Rise fresh and early as every second on Skye is a blessing. From your base, embark on an adventure of unrivalled proportions. From exploring the otherworldly Quiraing and frolicking in the Fairy Pools to getting merry with Talsiker whisky, and admiring the wildlife dotting about, prepare for views and moments of a lifetime. Other must-do Skye activities include stumbling across the dinosaur footprints at An Corran, taking a wee cruise on the dramatic waters of Loch Coruisk, soaking up the history of Dunvegan Castle and trekking up to meet the wise Old Man of Storr. Expect to eat and drink some of the finest Scottish produce and dishes until your heart sings and meet the most incredible souls, the locals. Don’t forget to look up at night to witness the most stunning celestial light show out there.
If you can bear to peel yourself away (this place will hold your heart forever), get back on the adventure wagon and start heading to Loch Ness, stopping off to see Eilean Donan Castle.

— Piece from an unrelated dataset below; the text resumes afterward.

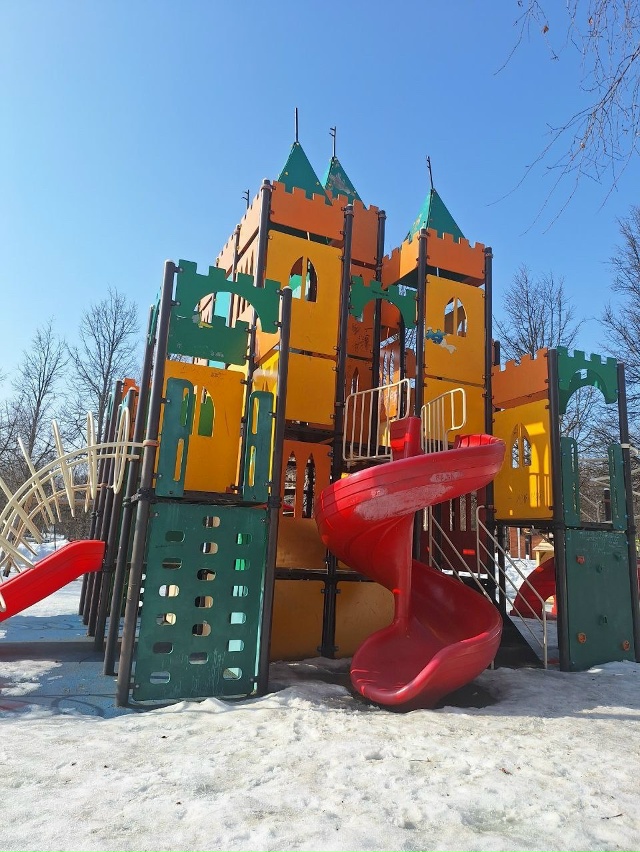 забыли ключи на замке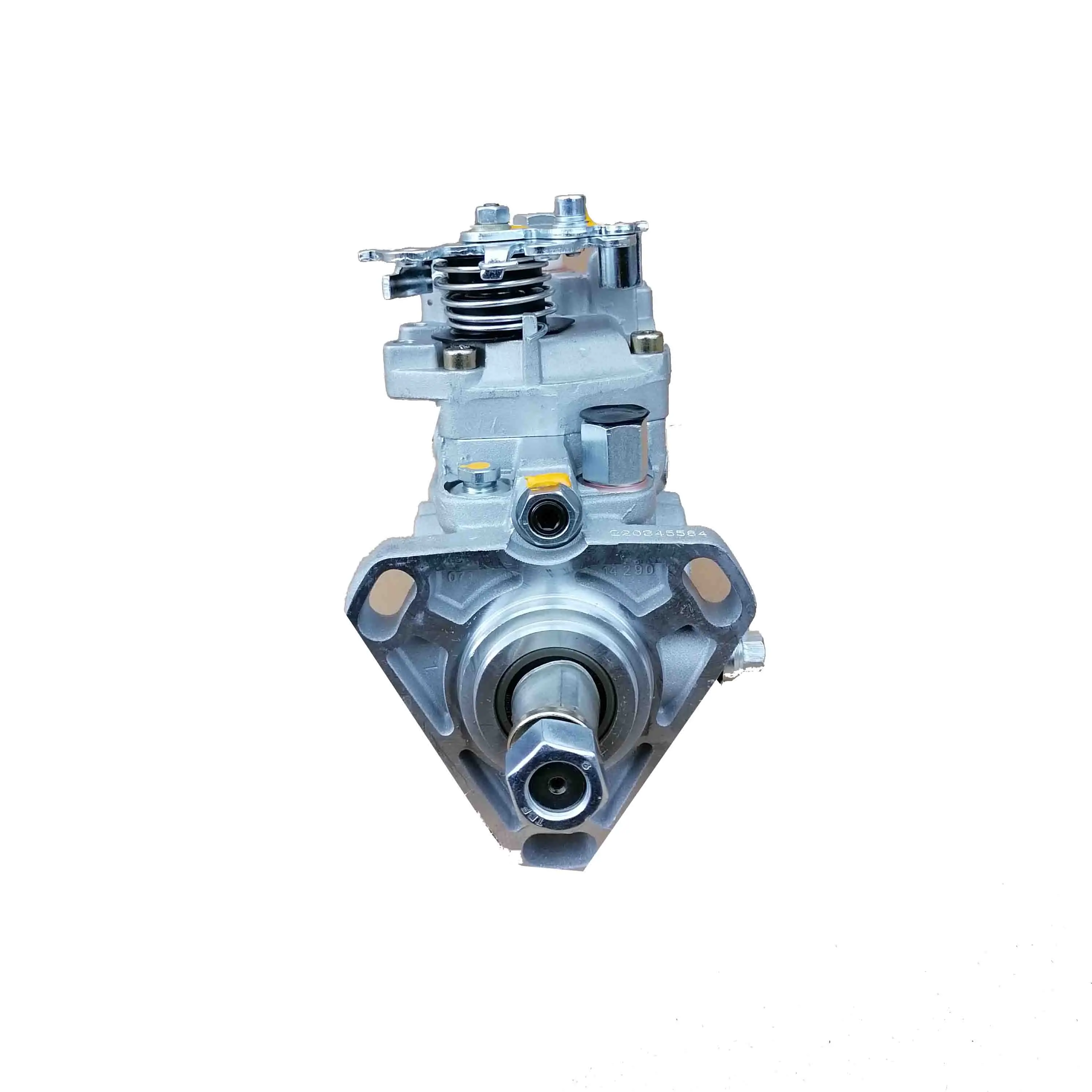 0460314047 New performance other Machinery Bomba de combustible 322839591 VE4/12F1250CR93-3 Fuel Injection Pump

This renowned castle is one of the most photographed places in Scotland and a sight for sore eyes. There is a wee visitor centre, restaurant and gift shop. Next, enjoy the scenic drive and once at Loch Ness, keep all eyes peeled for Nessie. Either stroll about or take a cruise of this famous Scottish loch. Urquhart Castle overlooking the loch may be of interest to history buffs. Inverness is a brief drive away for places to stay and fab eateries.

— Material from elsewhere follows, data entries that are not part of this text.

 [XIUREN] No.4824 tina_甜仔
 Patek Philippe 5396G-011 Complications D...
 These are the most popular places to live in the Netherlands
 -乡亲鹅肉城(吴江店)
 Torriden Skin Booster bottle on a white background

After a spot of breakfast at Velocity Cafe and Bicycle Workshop, get back on that road until you reach St Andrews, the world’s home of golf. For a compact coastal town, St Andrews boasts a wealth of fun things to do. Tour Scotland’s oldest university campus and the breathtaking ruins of St Andrews Cathedral and St Rule’s Tower. Take a distillery tour of Eden Mill and sample first class gin, whisky and craft beer. Wander down to West Sands Beach, enjoy the aquarium and learn a thing or two at the many museums, including the British Golf Museum. Between The Seafood Ristorante, Forgan’s, Dolls House Restaurant and The Adamson (to name a few), there are tons of head-turning foodie options.
Delight in a day of little driving and lots of sensory stimulation. After a bottomless brunch in St Andrews and a cheeky gelato at Jannettas Gelateria, head on back in the direction of Edinburgh. But first, stop off at Elie Lighthouse and Lady’s Tower. From there, journey over Scotland’s own Golden Gate, the Forth Road Bridge, and spend the rest of the day admiring the Scottish vernacular architecture and bobbing boats of Cramond. Highlights include the beach (and causeway leading to Cramond Island) and the cosy authentic pubs and cafes.
Take your pick from Edinburgh or Glasgow airports, both of which are easily accessible via taxi, bus and train, and cross off anything else on that bucket list. If you haven’t already, try some haggis, invest in something tartan, stock up on cashmere, try some whisky and spend some time soaking up the atmosphere. Until the next adventure — Scotland.